千葉真一さんを怒らせた杉作J太郎が緊急寄稿「少年であり、太陽のような人」

急死した千葉真一さん

俳優の千葉真一さんが19日、午後5時26分、新型コロナウイルスによる肺炎で死去していたことが分かった。82歳。交流のあった映画研究家・杉作J太郎が追悼メッセージを寄せた。

私は初対面の時に千葉さんを怒らせてしまった。子供のころからずっと大好きな、いつも太陽のように明るい、そんなイメージの千葉さんの表情を曇らせてしまって当時の私は気絶しそうなほどつらかった。

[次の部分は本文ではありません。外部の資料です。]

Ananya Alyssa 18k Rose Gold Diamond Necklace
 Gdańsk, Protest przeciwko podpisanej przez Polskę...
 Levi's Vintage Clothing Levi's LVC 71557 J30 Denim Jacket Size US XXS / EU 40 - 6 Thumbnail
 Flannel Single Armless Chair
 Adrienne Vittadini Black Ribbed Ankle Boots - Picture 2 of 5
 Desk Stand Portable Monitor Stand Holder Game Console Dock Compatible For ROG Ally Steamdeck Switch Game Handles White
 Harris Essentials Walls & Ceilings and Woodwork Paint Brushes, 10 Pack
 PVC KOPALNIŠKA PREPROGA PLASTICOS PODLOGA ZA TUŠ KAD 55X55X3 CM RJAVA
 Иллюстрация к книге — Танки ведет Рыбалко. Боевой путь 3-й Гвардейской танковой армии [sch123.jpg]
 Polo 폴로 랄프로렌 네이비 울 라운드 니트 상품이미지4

二度目に千葉さんにお会いしたのは映画館で千葉さんの作品の上映があり、私がトークコーナーの相手だった。その時は話の展開が楽しい感じになって、千葉さんは満面の笑顔で上機嫌になった。怒る時は怒る、だが次の瞬間、もうそれを許して満面の笑顔になる。まるで太陽のようだと思った。はるかに年長の大スターに対して申し訳ない表現かもしれないが少年のようだとも思った。最高にいい意味で。

とはいえ二度目に会うのは若干怖かったのが本心だ。怒りがぶり返したりしていたらどうしよう。私はこわごわ映画館に向かった。ちょうどテレビの取材を受けていた。私は邪魔にならないようにそっと映画館の隅に隠れた。取材を受けている千葉さんの声が聞こえてきた。

「いやー、今日は杉作J太郎さんもいっしょだからねー、楽しみですよー」

千葉さんは私が来たのを知ってそう言ってくれたのだ。もしかしたら私が前回のことで気にしていると思ったのかもしれない。そうだったと思う。

その日は娘さんもいらしていた。千葉さんは前日に米国から帰国したばかりで、アメリカで買ったというワインをたくさん持ってきていた。終わった後の打ち上げでみんなで10本ぐらい飲んだ。映画の勉強するならハリウッドだと言った。私がハリウッドに行ったことがない、と言うと「マネージャー!」と当時、私が属していた事務所の担当者を注意した。

そして「このワイン、いくらだと思う? 安いんだよー!」と笑った。確かにすごく安い値段だった。気取ったり、恩を着せたりするなら高く言う。というか、アメリカから手荷物としてわざわざ持ってきてくれたことは事実なのに「安いでしょー」と笑う千葉さん。

千葉さんはいつ会っても純で明るくて気取らない方だった。それだけは間違いない。

どこかで千葉さんは絶対に死なないと思っていた。今、コロナウイルスがものすごく憎い。そして怖い。千葉真一さんの御冥福をお祈りします。(杉作J太郎)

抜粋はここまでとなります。